Avant d’aller carrément plus loin en évoquant une « tentative de « dilution », voire « d’habillage » autour de l’investissement massif de la Région sur les aménagements d’amélioration de la RN88 (plus de 200 M€ sur 250 M€ dépensés) vitale à la Haute-Loire de Laurent Wauquiez… Les Insoumis/Communistes, contre aussi, partagent ces remarques, ajoutant dans le lot, un acte de complexification administratif – il y aura désormais des nationales, régionales, départementales, métropolitaines et communales – jugé paradoxal avec le discours de l’exécutif tout en insistant sur l’éloignement des compétences. Le groupe EELV/PS estimait que ce n’est pas le rôle de la Région alors que la fréquentation des passagers TER a « augmenté de 13 % entre 2015 et 2022 contre une baisse de l’offre de 6 %. Face à l’ampleur du besoin, nous avons du mal à comprendre que la Région fasse autant de place à la route. Dans le CPER, la route représente 36 % contre 31 % pour le ferroviaire. Pour l’environnement et les lycées, on rabote l’investissement de 10 %.»

C’est facile de nous caricaturer en méchants de droite obsédés par le tout bagnole.

Frédéric Aguilera, vice-président aux transports de la Région Aura

La Région n’a pas « à gérer ça, ajoute Johann Cesa, conseiller régional ligérien et porte-parole du même groupe SED (Socialiste, écologiste et démocrate) contacté aussi ce mercredi. Notre groupe est unanime : il vaudrait mieux se concentrer sur les lycées, la formation et le TER, nos compétences obligatoires. A titre purement personnel, je nuancerais juste sur le fait qu’il n’est pas délirant à mes yeux d’inciter l’Etat à honorer ses obligations pour la route et derrière le train, en contribuant à des financements routiers mais en les limitant à 10 %. Il est grand temps de régler la problématique de la RN7 au nord de Roanne qui traverse des zones habitées. » Confronté à ces critiques, Frédéric Aguilera rétorque ce même jour : « Pas dans nos compétences ? Depuis 2022, la loi dit justement le contraire ! C’est facile de nous caricaturer en méchants de droite obsédés par le tout bagnole : nous n’opposons aucun mode de transports. Du piéton à l’avion, tout est complémentaire. Et rappelons que nous doublons le montant investi dans le ferroviaire entre 2024 et 2035 dans notre feuille de route sur les mobilités. En outre, nous allons lancer dans la Région des Assises sur la décarbonation de la route, déjà en chemin avec les nouvelles motorisations. »

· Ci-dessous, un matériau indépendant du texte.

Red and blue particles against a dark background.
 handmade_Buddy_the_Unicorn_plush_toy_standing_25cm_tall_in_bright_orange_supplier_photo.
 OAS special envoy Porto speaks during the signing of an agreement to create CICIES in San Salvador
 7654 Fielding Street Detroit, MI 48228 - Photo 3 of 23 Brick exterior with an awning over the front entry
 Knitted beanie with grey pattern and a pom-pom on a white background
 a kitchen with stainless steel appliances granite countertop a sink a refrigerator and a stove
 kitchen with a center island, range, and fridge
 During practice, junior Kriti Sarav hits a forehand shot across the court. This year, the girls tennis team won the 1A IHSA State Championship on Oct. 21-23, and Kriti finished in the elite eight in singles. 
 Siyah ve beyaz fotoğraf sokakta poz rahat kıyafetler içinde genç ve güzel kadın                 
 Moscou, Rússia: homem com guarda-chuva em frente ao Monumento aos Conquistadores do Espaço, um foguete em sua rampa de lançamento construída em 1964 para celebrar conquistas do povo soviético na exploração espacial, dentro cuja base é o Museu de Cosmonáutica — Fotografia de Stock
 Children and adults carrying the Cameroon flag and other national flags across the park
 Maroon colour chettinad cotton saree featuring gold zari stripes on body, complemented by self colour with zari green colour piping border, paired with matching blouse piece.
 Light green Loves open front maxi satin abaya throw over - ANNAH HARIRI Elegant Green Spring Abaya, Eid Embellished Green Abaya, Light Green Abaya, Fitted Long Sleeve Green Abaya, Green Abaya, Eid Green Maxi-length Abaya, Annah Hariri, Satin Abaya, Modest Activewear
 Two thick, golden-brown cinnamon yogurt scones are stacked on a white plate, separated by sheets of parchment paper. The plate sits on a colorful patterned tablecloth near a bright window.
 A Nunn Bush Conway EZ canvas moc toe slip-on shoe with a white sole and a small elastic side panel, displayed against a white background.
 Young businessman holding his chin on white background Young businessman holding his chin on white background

Quant à mettre de l’investissement dans les contournements… « J’aimerais comprendre le grand écart d’attitude des écologistes envers les habitants des centres de grandes villes et les autres. Selon eux, les administrés de petites villes comme Mably doivent donc continuer à subir la pollution, le bruit et le danger d’une traversée routière ? Ce « bagnole bashing » est absurde ».